Transformer-based autonomous driving vehicle ramp merging decision algorithm in multi-vehicle interaction scenarios

To address traffic problems during vehicle ramp merging, this paper studies a decision-making algorithm for autonomous vehicles merging on ramps in a multi-vehicle interaction scenario. A decision-making algorithm is built based on a Transformer encoder to improve the feature processing capability of vehicle trajectories. An LSTM-Transformer bi-branch trajectory prediction model is constructed, and longitudinal and lateral motion features are processed separately through a feature-decoupling mechanism to achieve collaborative prediction of multimodal trajectories. Based on this, a planning algorithm integrating safety constraints and multi-objective cost functions is designed, and a decision-making model considering lane-change conflict risks is established. Experimental results show that compared with other comparative algorithms, this model is safer and more efficient in decision making.

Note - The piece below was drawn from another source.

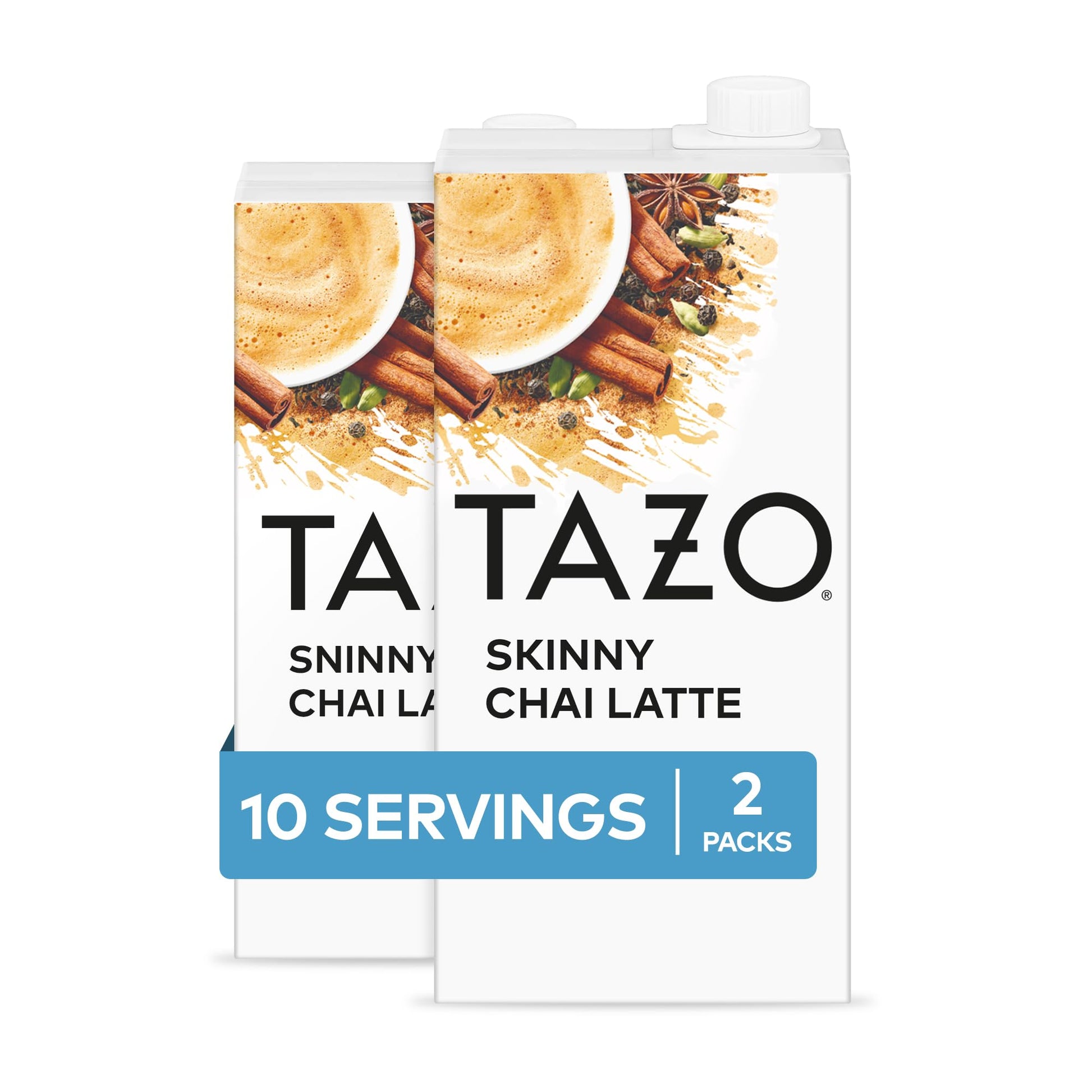 TAZO Skinny Chai Latte Concentrate, Low Calorie, 32 Fl Oz (Pack of 2)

In comparison with all other models, the model in this study achieved the highest True Positive Rate of 95.201%, True Negative Rate of 93.192%, and Accuracy of 96.310%. Considering the vehicle ramp merging decision-making performance under different traffic densities, the model effectively facilitated vehicle merging under all three traffic densities, with merging success rates of 100%, 98%, and 96%, respectively, demonstrating its effectiveness in ramp merging.